Do parents expect to also be able to buy school uniform online as well as in-store nowadays?
Most of my walk-in customers are surprised when I tell them I have an online shop. I think it’s important for the future to keep reminding them that I do. Also, you can display an awful lot more products online than you can in a small shop, so it improves your chance of a sale. Currently, I don’t think parents or schools expect you to have an online offering, but why wouldn’t you? If you have the stock, why not show it to millions of people rather than the selected ones who visit your shop?


MOLLY BURTON
JSmiths & Sons Schoolwear, Enfield and Potters Bar
www.smithsschoolwear.co.uk

How long have you had your transactional website?  
We’ve had the new site for just over a year. Before that, we had a basic site for around five years.

What level of investment did you make?
I haven’t made any investment to the site – someone I know set it up for me.

Is the e-commerce arm of your business growing?
It’s constantly growing. In terms of driving the growth, we have a newsletter that goes out to our customers via email. We also send emails offering discounts in the summer.
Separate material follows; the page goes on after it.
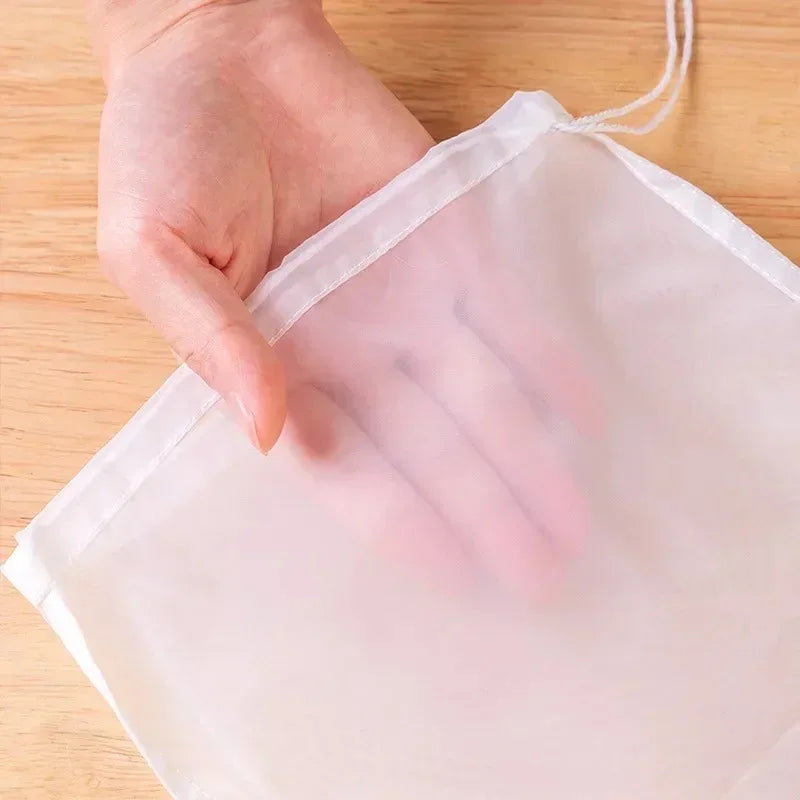 Una mano sostiene una bolsa coladora de malla reutilizable transparente hecha de tela blanca sobre una superficie de madera.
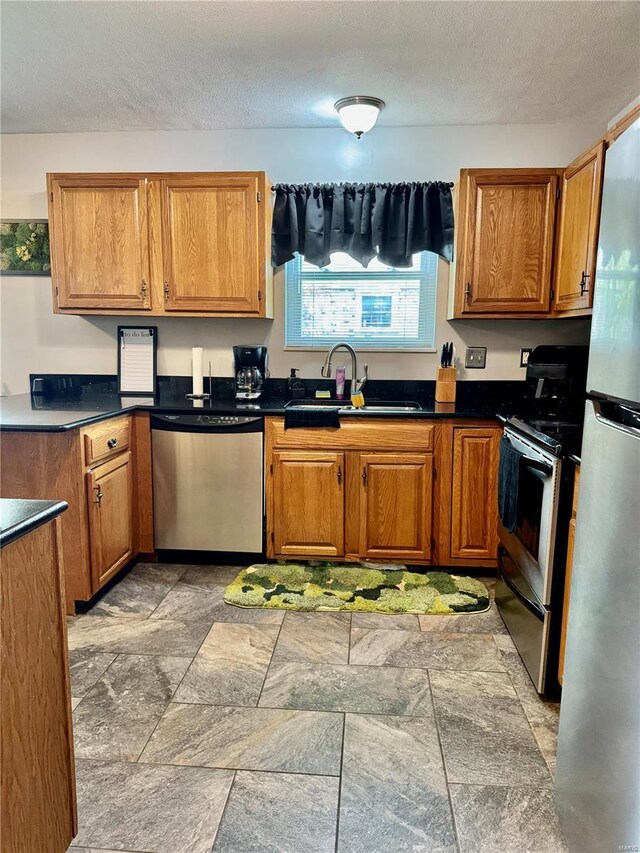 kitchen with brown cabinets, stainless steel appliances, stone finish floor, and a sink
What percentage of your business do you envisage will be done online, compared to in-store, over the next few years?
I’m not sure in terms of percentage, although it is increasing every year. We find that there are lots more people buying and browsing online now.

How important is your transactional website during the peak Back To School selling period?
It is very important. We usually have queues out the door during Back to School, so our online service comes in useful around this time. Our customers can reserve products online and have them delivered to the store. We have a separate queue for people collecting ordered items, so that helps a lot in the busy periods.

Do parents expect to also be able to buy school uniform online as well as in-store nowadays?
Yes, there is definitely an expectation there. The retail industry has changed since we first started the business. When we started out, the idea of having a transactional website was unheard of. In a short space of time the retail industry, and the way our customers buy our products, has changed.